■ TASK REQUIREMENTS ■
In the entries below, find the line with "[upl. by Stefa593]" and the line with "10ML TEETH WHITENING WATER"; copy them and every line between them exactly, but not the pictures.

■ DATA IN THIS EXERCISE ■
·····
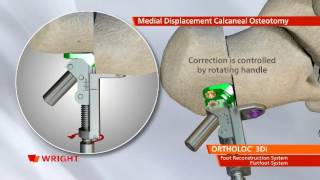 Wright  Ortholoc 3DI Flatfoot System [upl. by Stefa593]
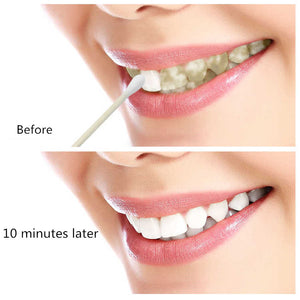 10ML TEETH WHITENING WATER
·····
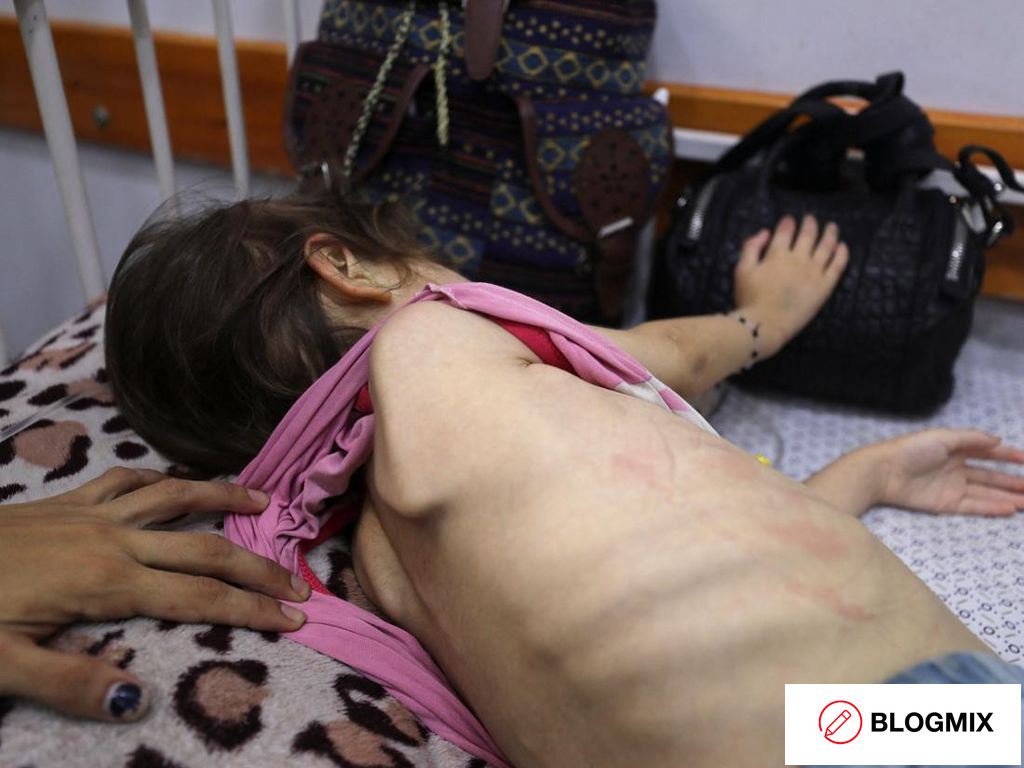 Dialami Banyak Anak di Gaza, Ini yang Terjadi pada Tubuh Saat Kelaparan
·····
■ SOLUTION FOR THIS TASK ■
 Wright  Ortholoc 3DI Flatfoot System [upl. by Stefa593]
 10ML TEETH WHITENING WATER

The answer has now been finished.